Sara Watson, a BKC affiliate and a technology critic, is moderating a discussion at the Berkman Klein/Media Lab AI Advance.

NOTE: Live-blogging. Getting things wrong. Missing points. Omitting key information. Introducing artificial choppiness. Over-emphasizing small matters. Paraphrasing badly. Not running a spellpchecker. Mangling other people’s ideas and words. You are warned, people.

Karthik Dinakar at the Media Lab points out what we see in the night sky is in fact distorted by the way gravity bends light, which Einstein called a “gravity lens.” Same for AI: The distortion is often in the data itself. Karthik works on how to help researchers recognize that distortion. He gives an example of how to capture both cardiologist and patient lenses to better to diagnose women’s heart disease.

Chris Bavitz is the head of BKC’s Cyberlaw Clinic. To help Law students understand AI and tech, the Clinic encourages interdisciplinarity. They also help students think critically about the roles of the lawyer and the technologist. The clinic prefers early relationships among them, although thinking too hard about law early on can diminish innovation.

He points to two problems that represent two poles. First, IP and AI: running AI against protected data. Second, issues of fairness, rights, etc.

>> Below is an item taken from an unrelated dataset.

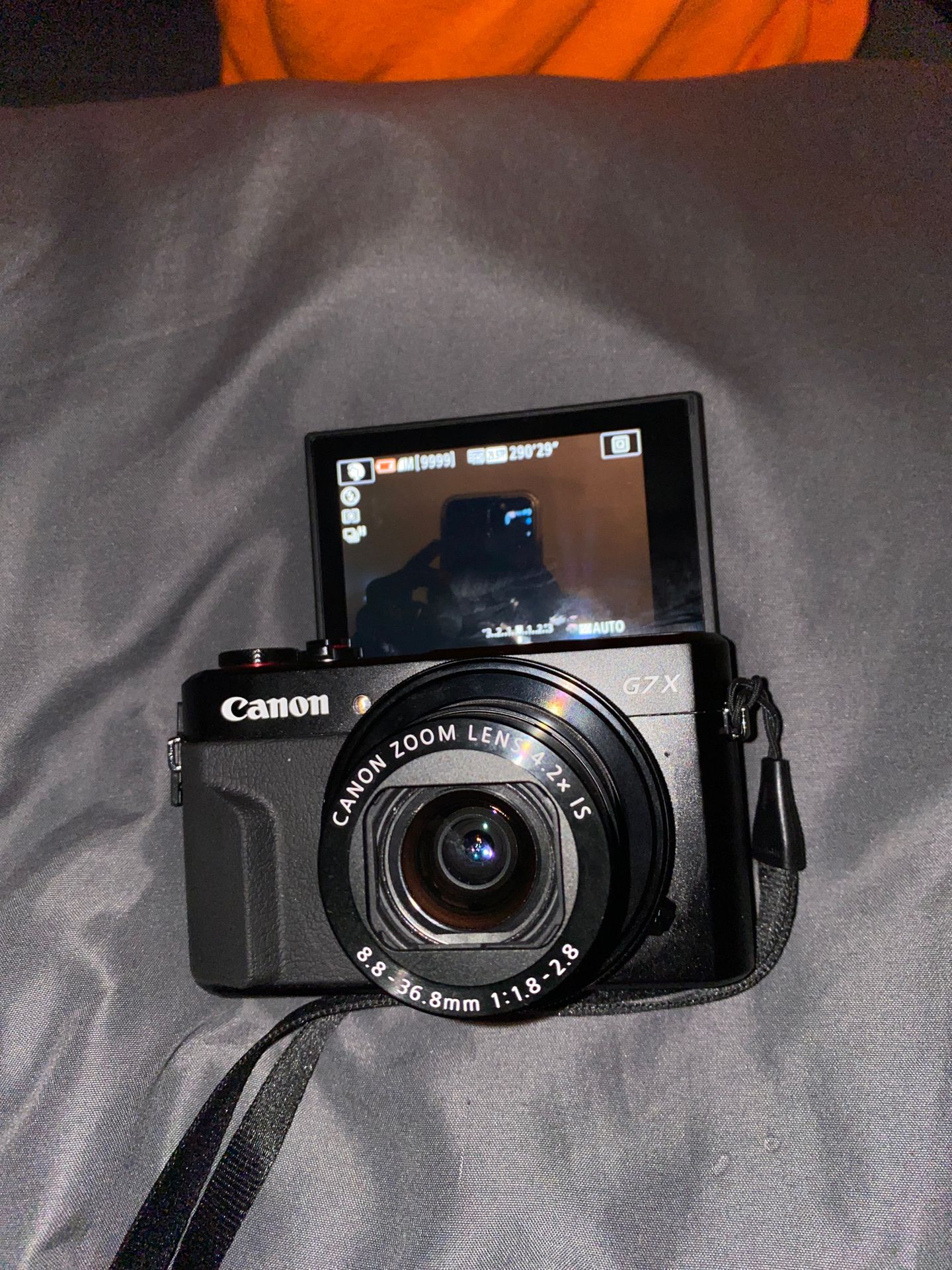 Canon g7x mark ii (like new , only used once)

Leah Plunkett, is a professor at Univ. New Hampshire Law School and is a BKC affiliate. Her topic: How can we use AI to teach? She points out that if Tom Sawyer were real and alive today, he’d be arrested for what he does just in the first chapter. Yet we teach the book as a classic. We think we love a little mischief in our lives, but we apparently don’t like it in our kids. We kick them out of schools. E.g., of 49M students in public schools in 20-11, 3.45M were suspended, and 130,000 students were expelled. These disproportionately affect children from marginalized segments.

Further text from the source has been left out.